Saved entries
====

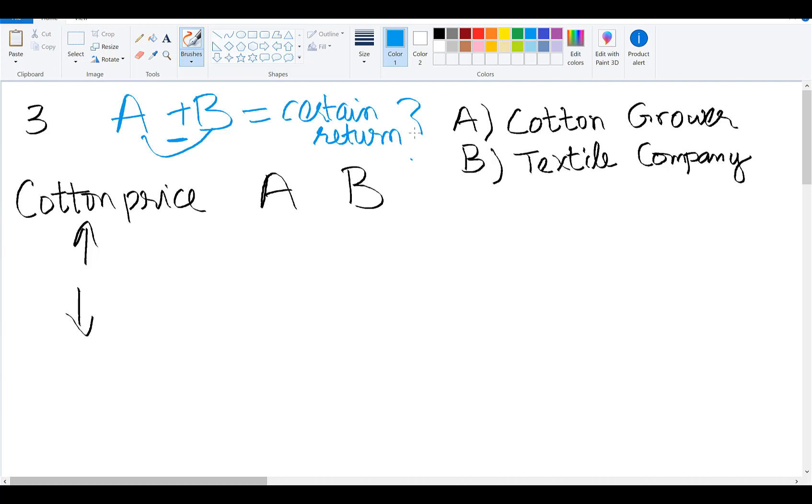For instance, assume that you have two stocks in your portfolio. One company is a cotton grower and the other stock is that of a textile manufacturer. As we know that whenever cotton price increases, the cotton grower will see a rise in profitability.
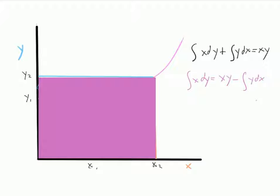And there you have it. That's your formula — that's your proof of integration by parts visually. So you have a more visual intuition, a better mathematical intuition, of how integration by parts works. Let's use this in a problem.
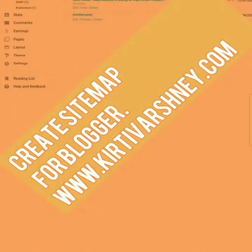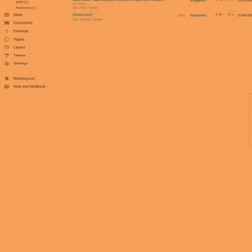Friends, today I am going to show you how you can create a sitemap for your blogger site. So just watch the full tutorial.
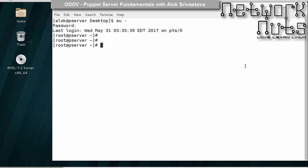Let me give you a simple example of how you can use require or before. It is up to you whether you wish to use require or before. I am giving you a very simple example. Say I create here apache config.pp.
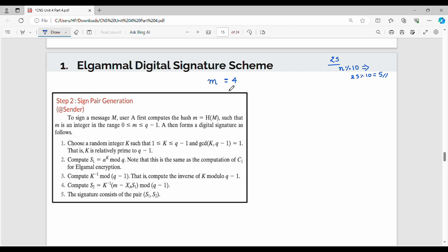xe should be between 0 and q-1. xa should be between 1 and q-1. m should be between 0 and q-1. Now let's see what steps we are going to do. Step 2 is sign pair generation — that is, we are going to sign the message.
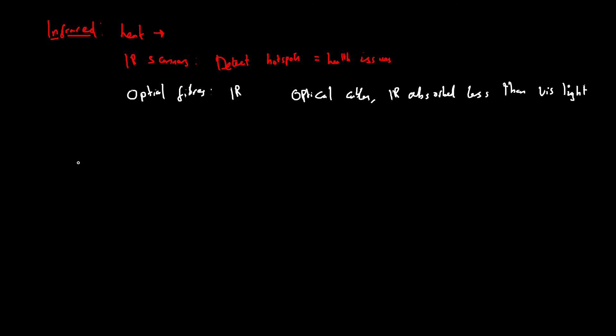So there are many other uses of infrared, but I do have a separate video on infrared. If you haven't seen that, then please do go and take a look at that. So the next one we're going to look at are microwaves.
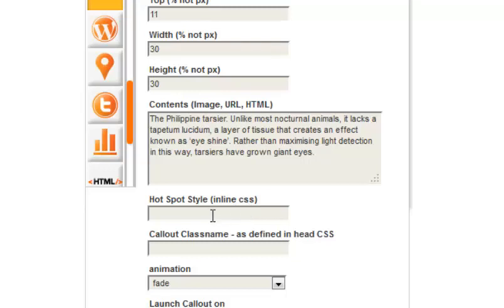Hotspot style and callout class name can only be modified if you have access to viewer config. Find out more information in our knowledge base.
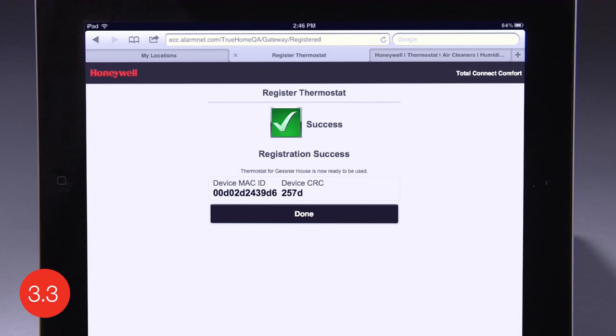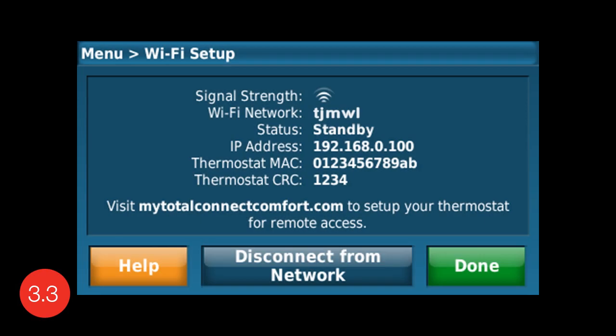When the thermostat is successfully registered, the Total Connect Comfort registration page will display a success message. This screen is a good reference for signal strength and registration information. Once setup is complete, you can always get back to this screen by simply selecting Menu, then Wi-Fi Setup from the Home screen.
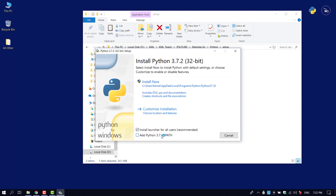We have a settings screen. Make sure to check the checkbox for Python 3.7. If you check the checkbox, you can add the Python interpreter to the path.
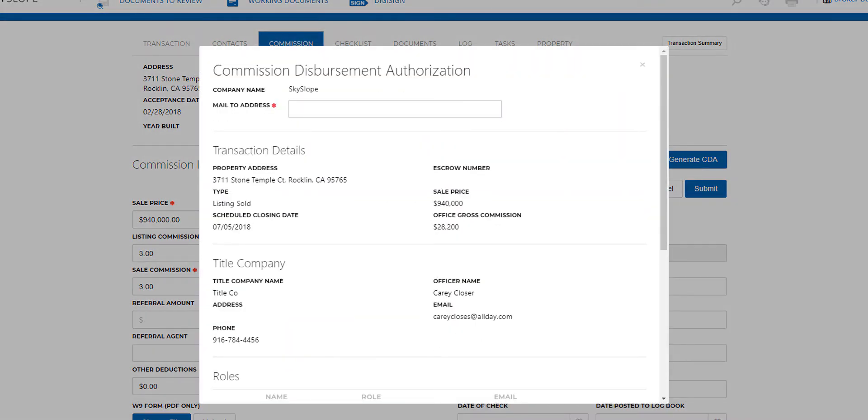First, enter the mailing address of the title or escrow company to which you're going to send your CDA so that they can disperse the funds after the file closes.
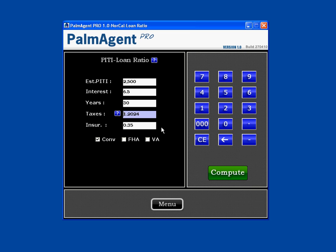For your monthly hazard insurance, just use your area's normal rate. We have three different loans here: conventional, FHA, and VA. As you can see, it's checked with conventional. So for this scenario, I'll just leave it checked here. When I hit compute,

====

* _Work task_: Within the data above, repeat exactly the lines from the one bearing "Hotspot style and" through the one bearing "We have a settings". Include no pictures and nothing else.

* _The completed task_:
Hotspot style and callout class name can only be modified if you have access to viewer config. Find out more information in our knowledge base.
When the thermostat is successfully registered, the Total Connect Comfort registration page will display a success message. This screen is a good reference for signal strength and registration information. Once setup is complete, you can always get back to this screen by simply selecting Menu, then Wi-Fi Setup from the Home screen.
We have a settings screen. Make sure to check the checkbox for Python 3.7. If you check the checkbox, you can add the Python interpreter to the path.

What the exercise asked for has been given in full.